The scene the boys have with the thugs (the only off-tone unconvincing scene in the film for me) is followed by a possible retaliation. Instead of beating the thug up, the father gives him money for food. He abandons his son to give him time to think at the bridge, even in a rainstorm. (What does the truck passing by mean—huge and ominous?) And when he forces his sons to row the boat it seems callous at first, but you slowly realize they are learning a resilience, perseverance and the ability to accomplish a difficult task they never dreamed they had in them.

And the last lesson with the watch… one of consideration—hold to your word, learn to be responsible… is met with a gesture of violence (not serious), basically to impart a lesson. (I suppose the only way the father knows how to impart it).

 What is the father running after his angry, hysterical son for? To finally embrace him and ask forgiveness? Trying to save him from an act of self-destruction?

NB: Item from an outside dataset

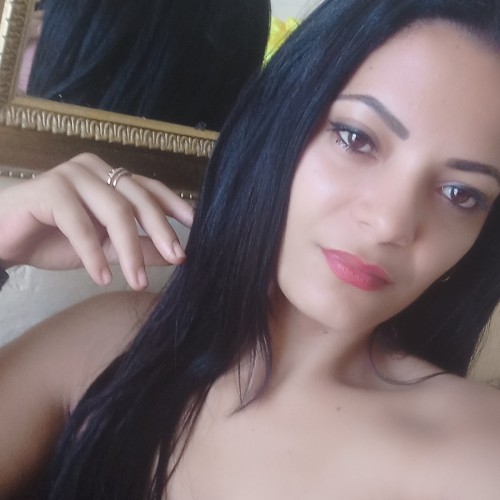 Milena E.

And then there’s the corpse—a perfect symbol of the absent father, the memory of him always present. Final libations of a classic world? A bleaker, more stoic version of Antigone? And what about the endless roads in the film, each with a different character and setting?

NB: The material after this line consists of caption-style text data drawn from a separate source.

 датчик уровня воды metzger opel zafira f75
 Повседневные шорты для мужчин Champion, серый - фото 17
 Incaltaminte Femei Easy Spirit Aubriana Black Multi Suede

THE RETURN is definitely enigmatic, but it’s a film so filled with nuance, beauty, and deeply felt emotion—not from the actions or story, but rather from the tone, mood, compositions, movement and the dark, haunting mystery of the subject matter. Is its theme not the mysteries that lie under the surface of simple, supposedly understandable actions? We look for meaning in what people do and how they act, but is there not greater meaning in the huge, encompassing spaces of nature that reflect and shade what people do and how they act because they reflect history and what is eternal? That seems for me closer to the aims of this film. It follows the footsteps of all great Russian poetic cinema.

Closer to the surface these strange, enigmatic rituals that make up the simple action of the film seem to reflect the problems that so many fathers everywhere have with their rebellious, impossible sons. I’ve seen students like the boy: self-destructive, living in a private world of paranoia, suspicion and resentment.

And all that water! (One more eternal, all encompassing symbol) The silhouettes, (the darkness of the soul?) where loneliness, desertion, and signs of vital life stir. The extraordinary image of the boy fishing alone, as if on the bow of a ship and the proud, understanding look of the father, even though the son has been so difficult. The last breathtaking moment of out of focus reeds, moving into the stillness of two boys silhouettes keeping watch over their dead father. Yes, the stuff of great folk tales.

And I hope you caught the film’s cinematic references. The father asleep with the little pieces of down floating across the pillow (a homage to the feathers in Andrei Rublev); the boys photo in the car (a homage to the opening ride in Blue of Kieslowski), the finding of the bird (Andrei Rublev); the boys play in the abandoned warehouse (Dekalogue); the mother’s stoic resignation; (the Mirror of Tarkovsky); the boat and the sinking; (the pagan scene in Rublev); the forest run, where the sunlight comes out of the clouds ( Sukurov’s Mother and Son); the two running scenes; (Jules and Jim). I’m sure a second or third viewing will show tons of others. And what about the bowl of soup? (right out of a painting by Caravaggio).

You are right, there is nothing that is pretty in the film, but there is not a landscape that is not emotionally deep and breathtakingly beautiful.

And landscapes with cloud swept skies abound.